Will rising gas prices hasten the switch to renewables?

The soaring cost of energy is top of mind for consumers worldwide. How will the increase affect climate and energy policy?

By Dave Keating

Energy prices are soaring, chiefly driven by a sharp increase in the price of natural gas. Few places are feeling this more acutely than Europe, which is heavily reliant on gas imports for both heat and electricity. Natural gas in Europe now costs as much as €150 per megawatt hour (MWh), compared with an average of €49/MWh last year. During a visit to Washington, D.C. earlier this month, German Chancellor Olaf Scholz said one way to ride out the storm is to accelerate the energy transition toward renewables – but is there any evidence this is happening in the short term?

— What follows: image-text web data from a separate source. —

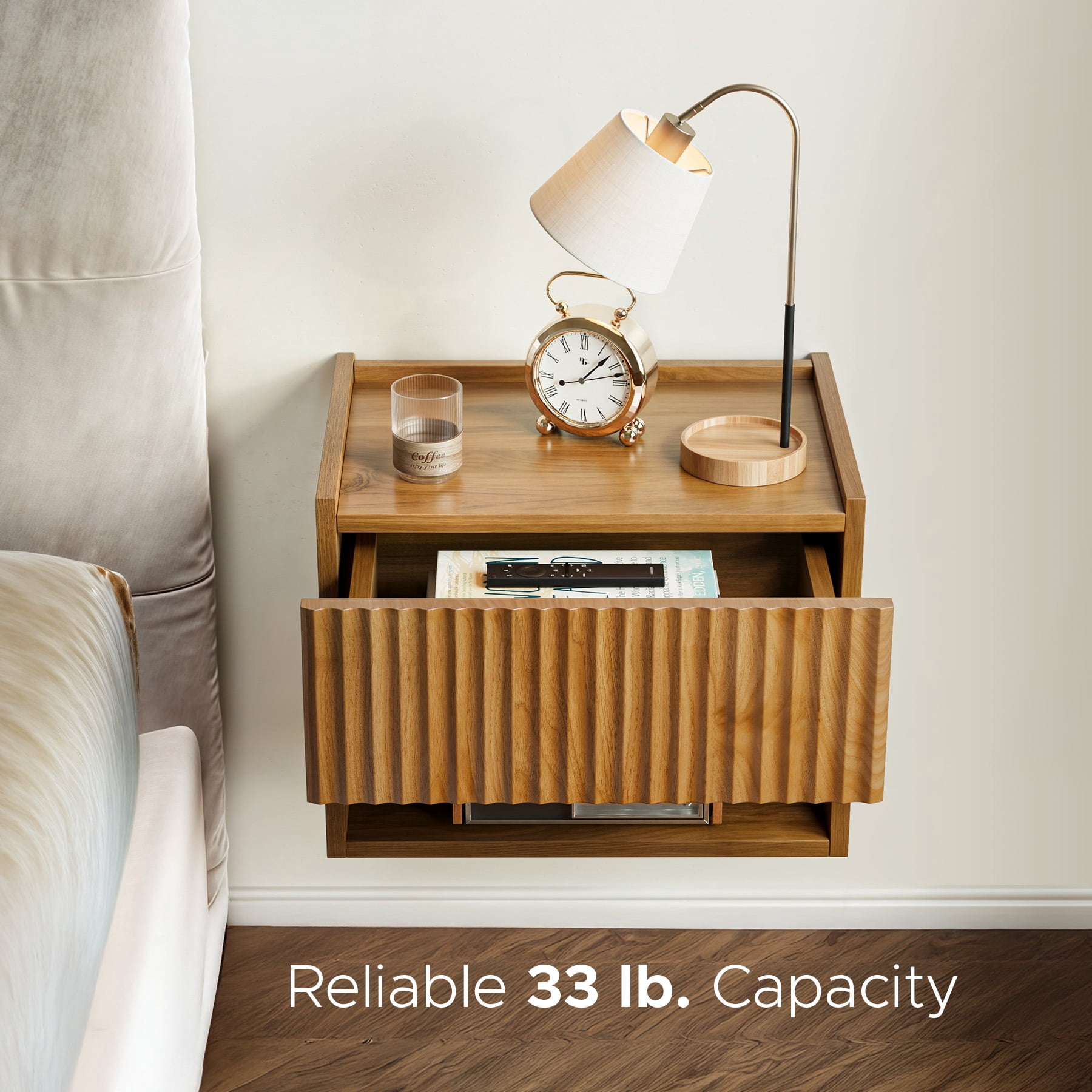 Wood Wall-Mounted Nightstand Set of 2 with Drawer - Space-Saving Floating Bedside Table for Bedroom, Living Room, Hallway or Entryway, Brown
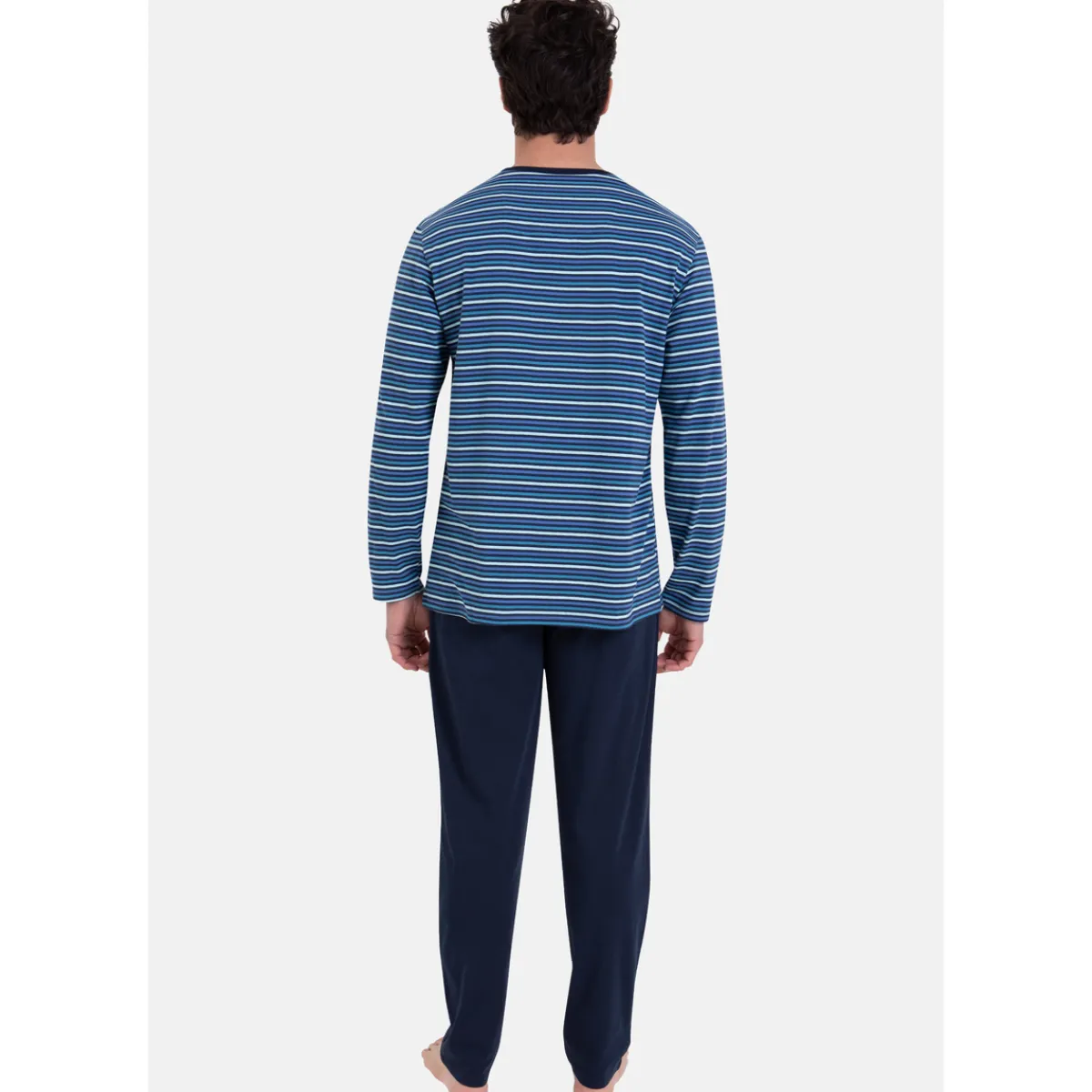 Athena Pyjama long col rond RAYURES WAVES-Homme Pyjamas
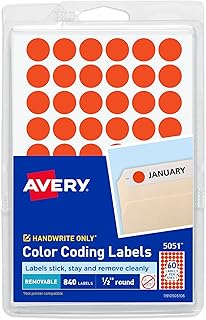 Neon Coral Round Removable Labels, 1/2 Inch, 840 Count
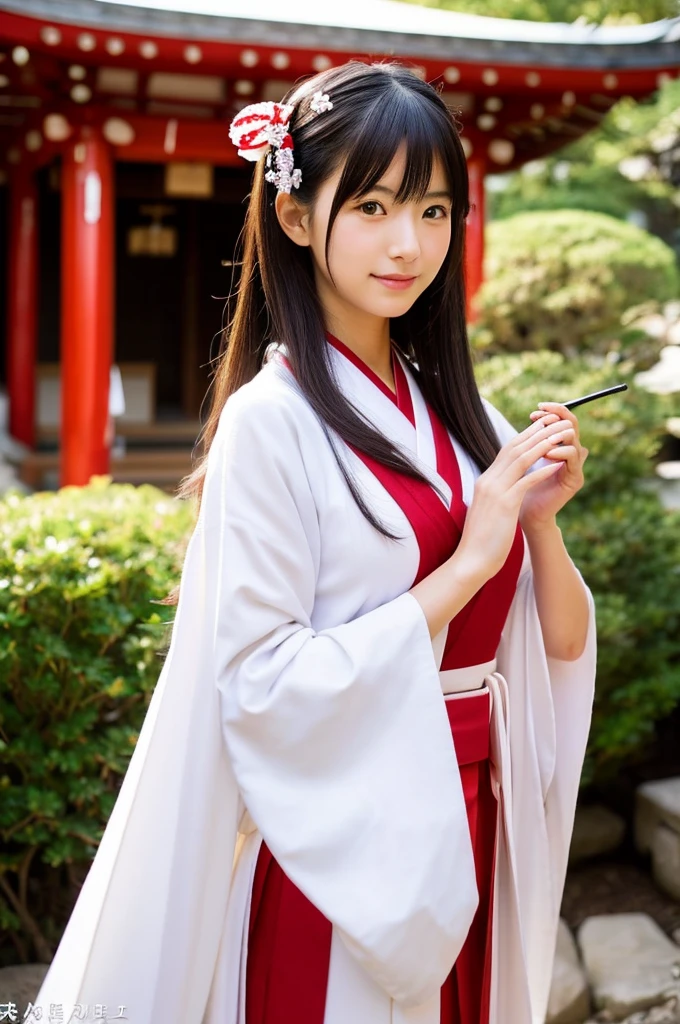 Red hakama, red Japanese style pants, the lower half of the costume is red, Main hall of the shrine, Shrine maiden, ((full body)), ((photo)), ((best qualtiy, 8K, tmasterpiece: 1.3)), Focus: 1.2, perfect figure beautiful girl: 1.4, 1girl, cowboy shot, look at viewer, incredibly absurd, beautiful and cute girl with a photorealistic face, showcasing top-quality craftsmanship, Japanese girl sweeping the garden at the shrine, 17 years old, Her hair is half-up with smooth curls, glossy jet black long hair, Gentle features, Big deep brown eyes, Small face, Fair skin, Translucent, Smooth and silky skin, Natural eyebrow shape, Thin lips, Soft smile,, delicate, Well-balanced proportions, B cup small breasts, Simple and elegant shrine maiden costume, White robe and red hakama,, Beautiful girl, Clean, Healing, Moe, Elegant manners, Kind, Tolerant, Humble, Sincere, Deep faith, January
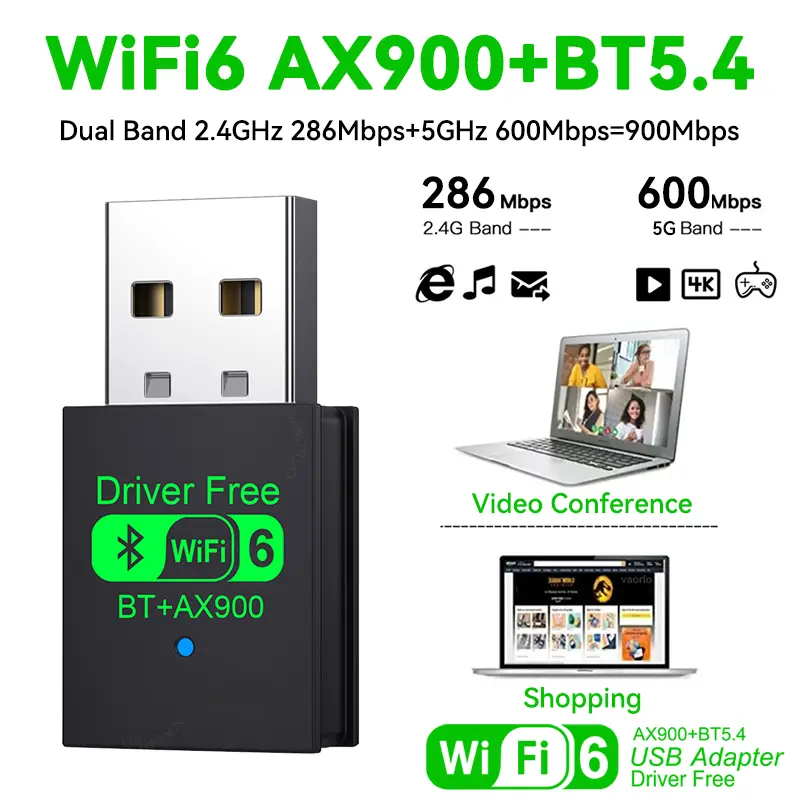 2 IN 1 WIFI6 AX900 USB WiFi Bluetooth 5.4 Wireless Adapter Dual Band 2.4G+5GHz 900Mbps Network Card Receiver Dongle For Win10/11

The good news, according to a recent report by climate think tank Ember, is gas power generation is being replaced with renewable energy because renewables have become the cheapest form of electricity by far. Last year saw a decline in fossil fuels’ share of electricity production in the EU, from 39% in 2019 to 37% in 2021. Renewable electricity has had an average annual growth of 44 terawatt-hours over the past two years, and more than half of that new wind and solar power replaced gas plants.

Consumers are increasingly worried about high energy bills. (Photo by coldsnowstorm via Getty Images)

The bad news is those renewables were until now going to replace coal instead of gas. From 2011 to 2019, more than 80% of new renewables came at the expense of coal, according to the Ember report. Because there are not yet enough renewables online to replace both, that means the decline in coal is slowing because there are less renewables available to replace it – they are busy replacing gas – and yet coal is much more emissions-intensive than gas.

“The gas crisis has really demonstrated that Europe needs to get serious about renewables deployment,” says Charles Moore from Ember. “Europe has been focused on coal, but not gas. The gas crisis is a big wake-up call. We need to get off both coal and gas by 2035.”

“We need action to keep the EU coal phase-out on track,” he adds. “It is clear you will need legislation to guarantee that coal plants will be off-grid by 2030.”

Meanwhile, on heating, the rise in gas prices has not yet spurred a widespread switch to renewable heat such as heat pumps, although their share is growing. Because it is difficult or impossible for most homeowners to change their heating source, price signals are not enough to motivate switching.

Market flaws

Europe finds itself in a situation where gas prices are at record highs, while renewables prices are at record lows. Yet this is not spurring a big increase in renewables; it is only moving renewables from replacing coal to replacing gas. The culprit, say experts, is the “merit order” in which the most expensive power stations set the overall price.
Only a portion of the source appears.